357年という年月を経て令和の時代に造立当初の御姿に蘇らせました。
お預かりした時の状態です↑
修復後↑
修復前↑
修復後↑
修復前↑
修復後↑
修復前↑
修復後↑
ここからは修復工程を追っていきます。
先ずは一旦解体して継ぎ目や欠損部分を補修していきます。
ご本尊が鎮座される蓮華の花弁を一枚一枚取り外し、再度塗装がしやすいよう着脱ができるように接合しなおします。
この作業だけでも膨大な時間がかかってしまいますが、こうすることで塗りも箔も仕事がしやすく、組み上げたときに美しい仕上がりになります。

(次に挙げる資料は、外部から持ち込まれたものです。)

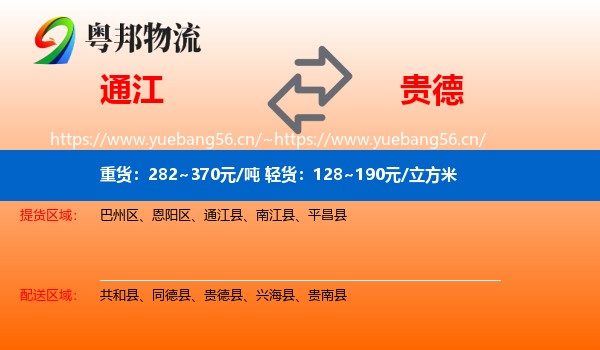 通江到贵德县物流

どこにどの花弁が取り付けられていたか記録しておきます。
宝塔下の蓮華も同様に処置していきます。
数段に重ねられたパーツも全て解体し、接合部分を整えて再接合します。
この作業は全体の強度を左右するので、慎重に作業を進めます。
宝塔屋根部分です。
長い年月で角が摩耗しています。
こういった部分も新たに部材を補填して形を整えていきます。
宝塔最上分の相輪も欠損個所が多く、新たに補填します。
宝塔側面の補修。
台座の欠損個所も新たに補填していきます。
現存する箇所を参考に形を合わせます。
框の付け回し部分は唐草透かし彫りとなってましたが、摩耗が激しく新たに作り直すことになりました。
今後のことも考えより強度を優先し、透かし彫りではなく全体に地紋彫を施しました。
秩序だった文様がズラッと並ぶと壮観です(^^)
ご本尊の光背です。
飛天と迦陵頻伽を配した技巧を尽くした造りです。
造りが細かい分、腕や持物の楽器などがほとんど欠損している状態でした。
一つ一つ補填していきます。
飛天の腕や手を補填。
迦陵頻伽の羽補填。
古楽器の鈸(はち)補填。
鼓も新たに補填しました。
ここからは釈迦如来、多宝如来、両仏身の修復です。
解体し、表面の塗装を剥がしていきます。
解体すると、胎内に墨書が見つかりました。
寛文六年は西暦にすると1666年、今から357年前に遡ります。
時代は江戸時代初期の徳川家綱政権期、この御像が造られる4年前の寛文2年には京都で大地震が起こった記録があります。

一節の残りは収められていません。